Social computing & the Enterprise

December 9, 2007

My podcast with Jon Husband on social computing continues to have a high take up, including six commentaries from Luis Suarez which start here and conclude here. Luis is also a Mac convert who works for IBM and his reflections on sitting in a room of Thinkpads is entertaining and educational. Reading the various links while working on the next release of SenseMaker™ (due in the new year with a Facebook application amongst other good things) got me thinking about some of the differences and similarities between social computing in general, and in an enterprise environment.

One of the nice things about the blogosphere is that when you are thinking about a subject, someone pops up with a post on the same or a related issue which helps shape your thoughts. In this case Euan questioning how people will cope when Facebook dies (in effect making the point that social computing environments are subject to the cycles of fashion) and Nick Carr commenting on a debate between Michael Krigsman and Robert Scoble. Krigsman argues (against Scoble) that the context of the enterprise is business focused, non-sexy and focused on function with a zero tolerance for failure. Carr thinks that this is a false dichotomy and cites Amazon as a commercial application which is easy to use in the manner of social computing but also provides consistency and confidentiality of data.

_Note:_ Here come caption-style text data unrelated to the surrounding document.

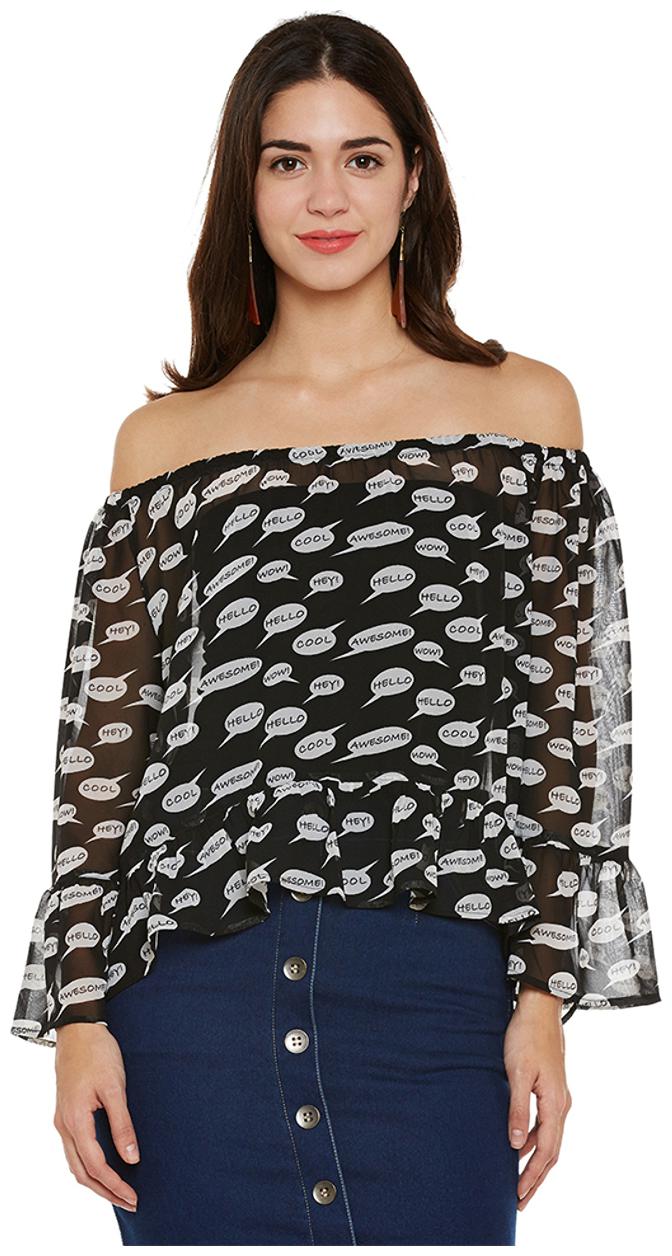 

Alpha Print Off-Shoulder Top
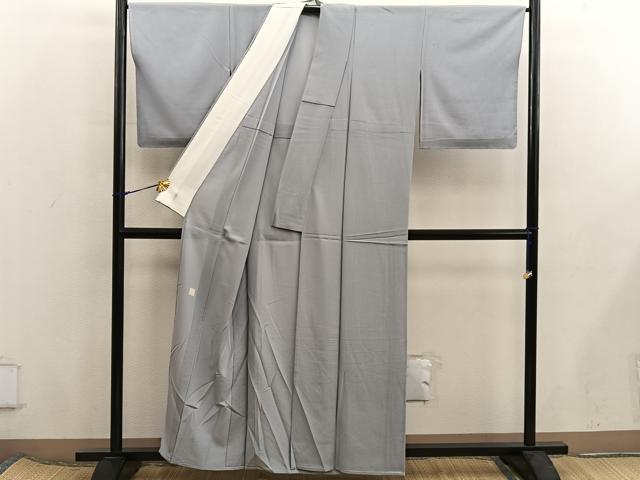 平和屋着物＊夏物　色無地　作家物　絽縮緬　薄墨色　正絹　逸品　BAAX8089mz
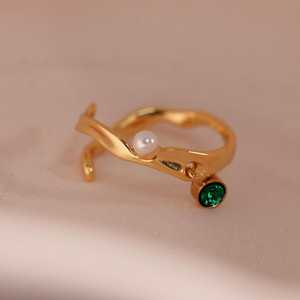 Pearl Sapphire Wave <b>Ring</b> 925 Sterling Silver 14K Gold Plated Adjustable <b>Dainty</b> <b>Ring</b> Gift For Her Jewelry - Product Image 1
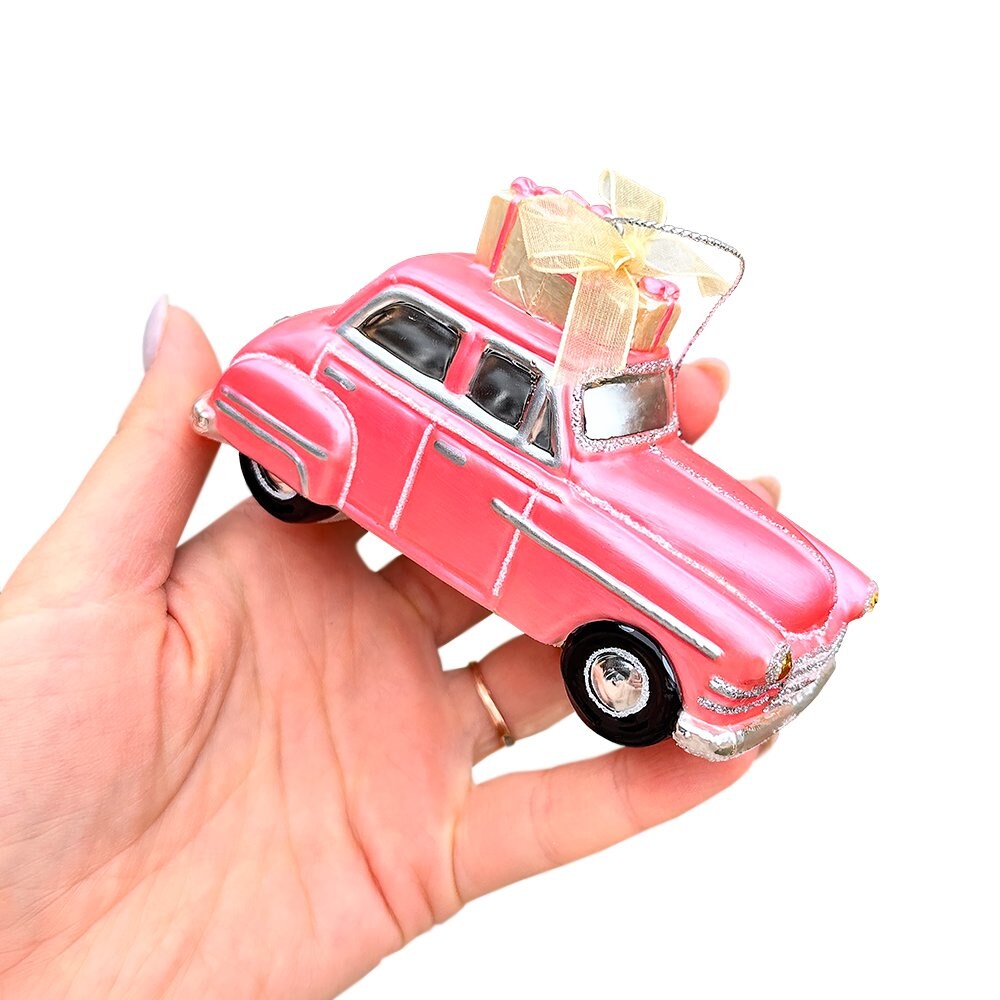 Nostalgic Pink Car Glass Christmas Ornament, Vintage Classic Tree Decor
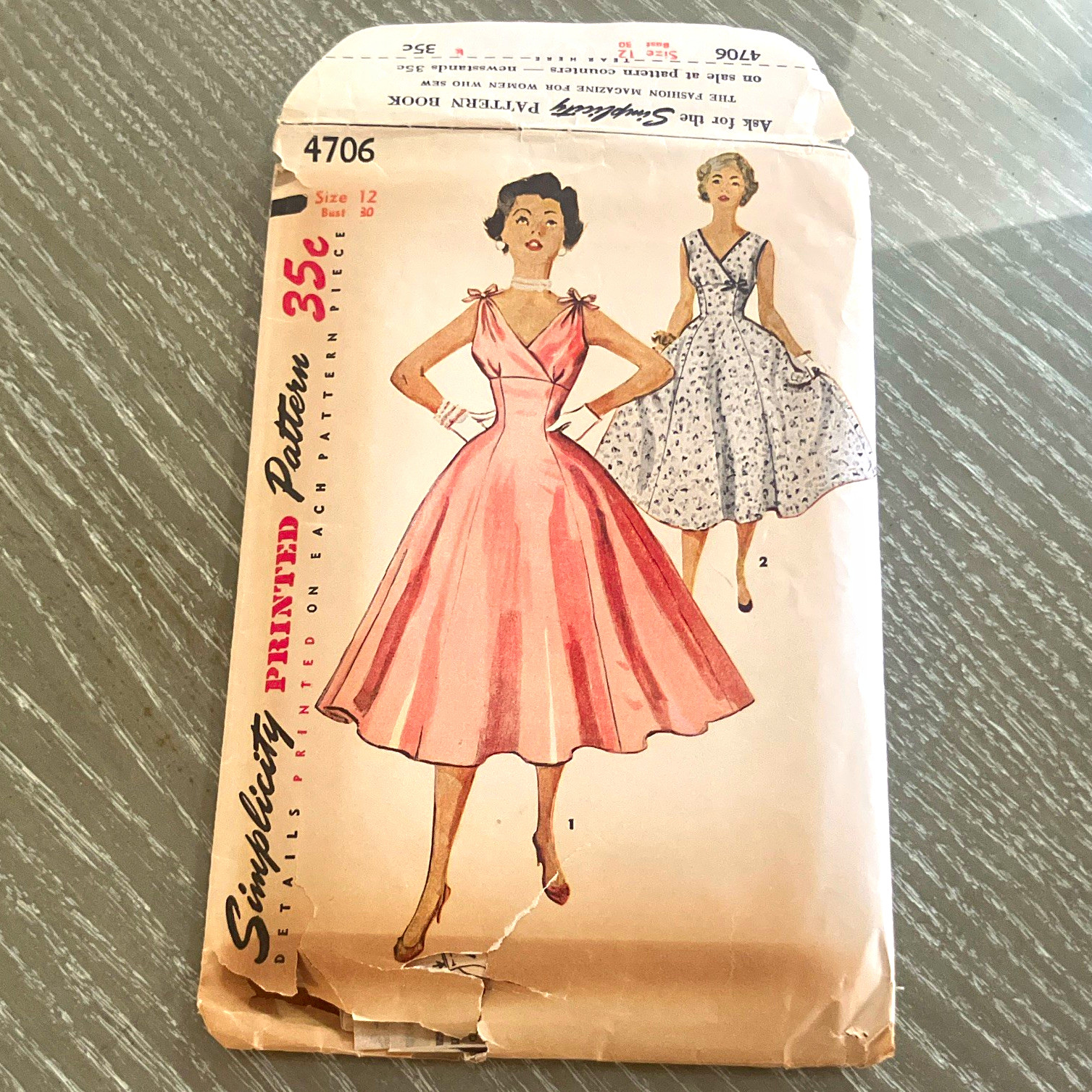 Simplicity 4706 Junior Misses Misses One-Piece Dress Sewing Pattern Vintage 50s Simplicity 4706 Junior Misses Misses One-Piece Dress Sewing Pattern Vintage 50s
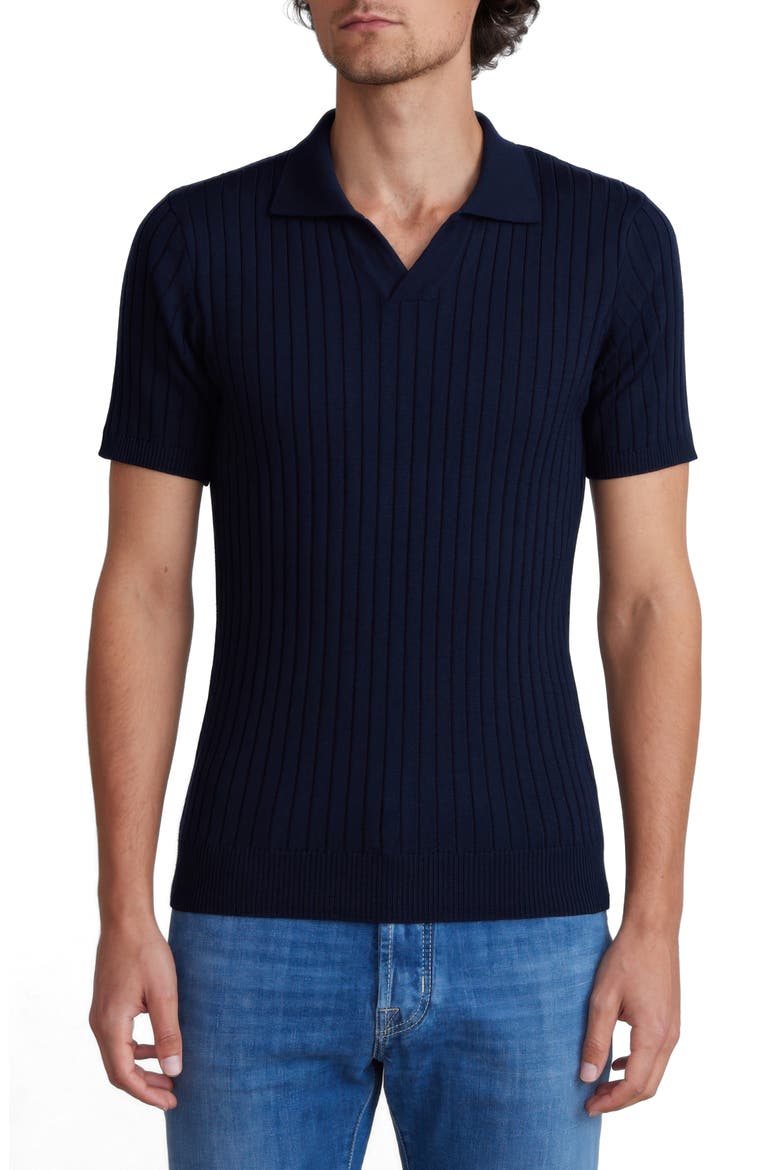 Vertical Rib Short Sleeve Merino Wool Knit Polo, Main, color, NAVY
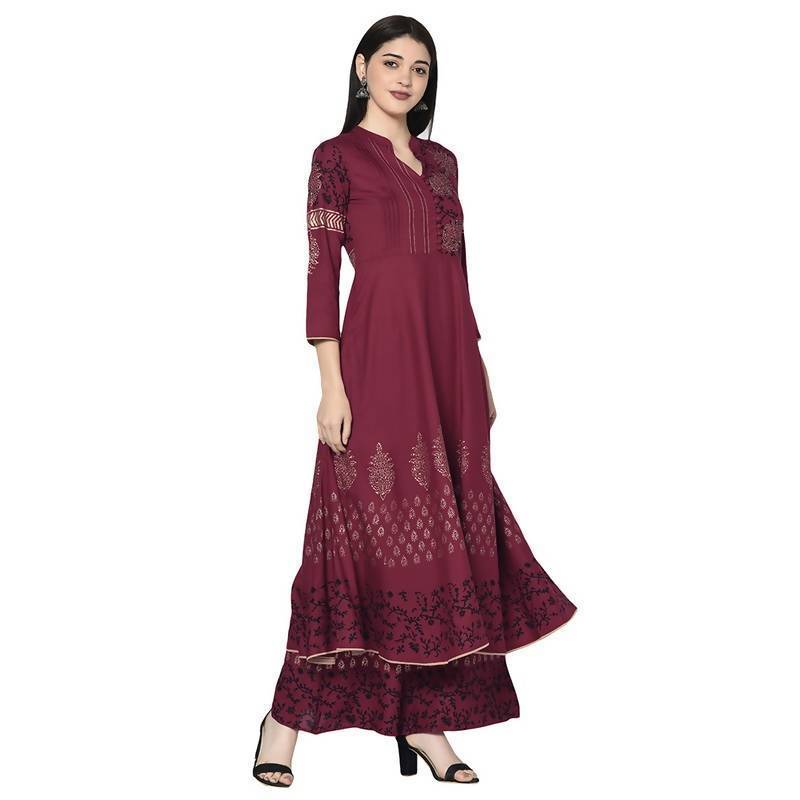 Women's Maroon Anarkali Kurta with Palazzo set by - (2pcs set)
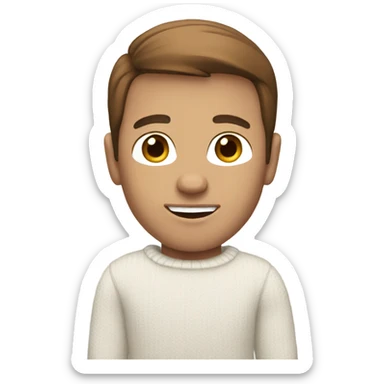 White guy with brown hair with white sweater  sticker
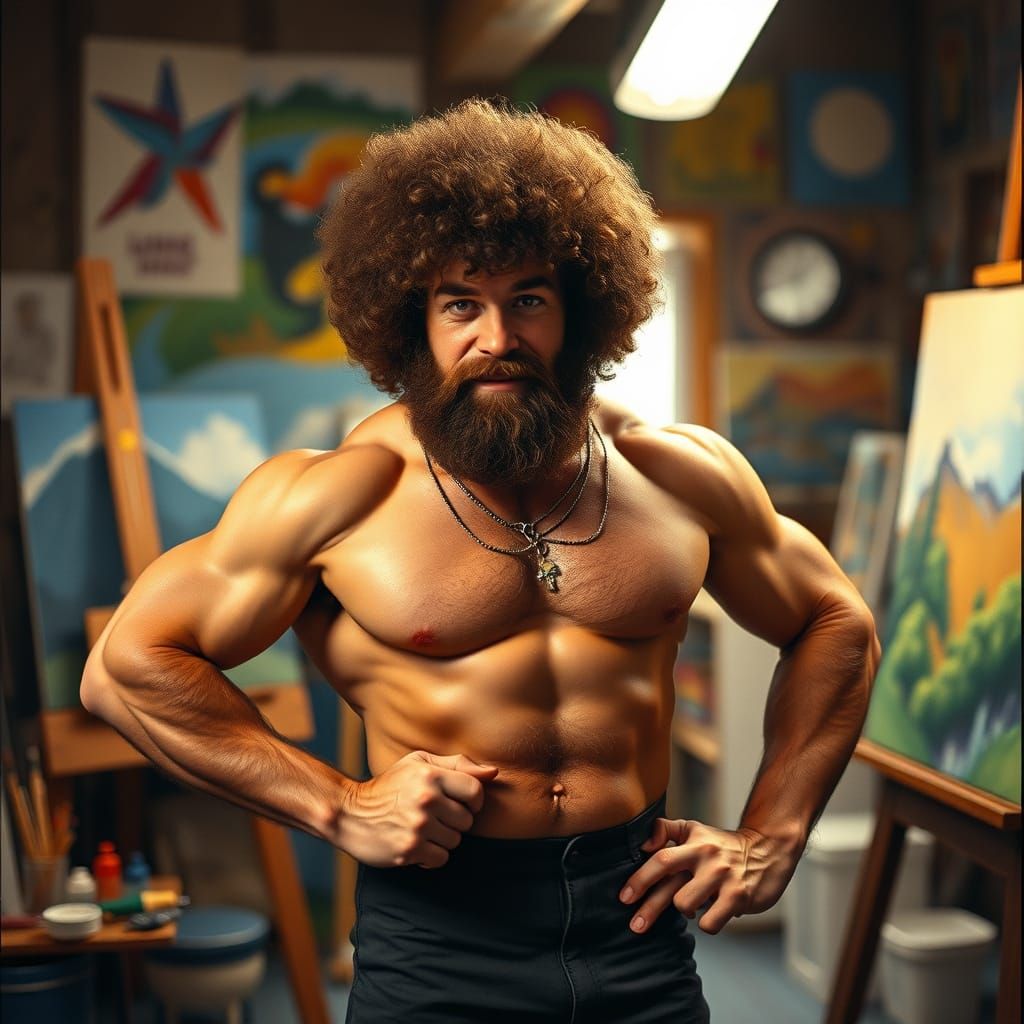 Bob Ross as Muscular Bodybuilder in Art Studio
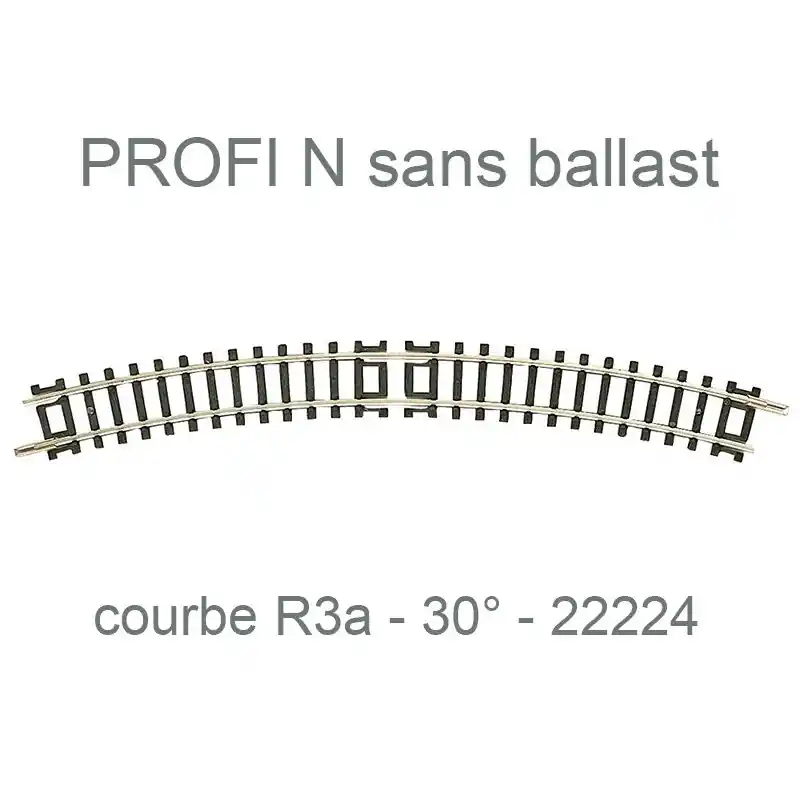 FLEISCHMANN 22224 Rail Courbe r3a 295,4mm 30° - N 1/160 - Profi Sans Ballast Expédié Aujourd'hui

Now this is a very complex issue and there seems to be an increasing danger of either/or conversations prevailing over both/and, a common feature of discussions in which sufficient regard is not payed to the role of context. I want to make a brief contribution to this question, but plan to do so over several posts. I will start with five observations:

  • There is a clear need to realise that there is a difference between a large number of voluntary actors within a system and one with a more limited set of actors within a structure of purpose. Amazon is a commercial system, which also seeks to use aspects of social computing through things like the recommendation system. Now speaking personally I find this feature a pain, partly because it requires too much maintenance (I also use Amazon to buy video games as guilt presents for Huw while traveling). At the same time I do find the buy this book with another feature useful. Many aspects of tools such as Facebook work because of the sheer number of people engaged.
  • Systems with large number of people also tolerate loss of key players within limits. If some people choose not to use it, then in the wider scheme of things it doesn’t matter. In a corporation failure of a fairly small number of people, even in a large organisation can destroy a system. Of course if too many people loose patience with a social computing tool, and alternatives emerge then the position can change rapidly. This is the essence of Euan’s key point about fashion.
  • The social computing space is a complex ecology, whereas the organisation is to a degree a closed system. This creates differences, but they are not at the level of the Carr debate. Reliability, ease of use etc. are universals. The more important point is the question of responsibility and accountability. In a large organisation, particularly Government there are significant consequences for failure in many systems, as well as more generic issues of data security. I have learnt a lot (much of which I did not want to know) about my 18 year old daughter since she made me a Facebook friend. In a corporate environment that would present problems.
  • There is little interface between the formal and informal within a social environment, however in an organisation this is more problematic. Both are interdependent, and co-evolutionary in nature. An organisation will need aspects of their work incapsulated and structured in enterprise wide systems (such as SAP), those systems will in turn be dependent on interaction with informal and semi-formal collaborative and other systems for which a social computing environment is more appropriate. Boundaries create interesting evolutionary developments that can radically change the context of use and therefore the emergent properties of the system as a whole.
  • An organisation has, by definition an organising purpose or reference base to which various actions, investments and conversations can be directed and focused. In a sense social computing is a chaotic system (unconstrained agents) while the enterprise is a mixture of order (system constrains agents) and complex (loose system constraint on agents and agents constrain system). Yes I know this is a bit simplistic, and social computing is also complex, but let the simplification ride for the moment. This means there are differences between the dynamics of cause and effect and substantial issues on questions of Governance which have to be addressed in an enterprise environment.

So that is a starting point, some of the solutions are reflected in the above mentioned podcast, but its a bigger subject. I will return to this later in the week, moving from reflecting to doing.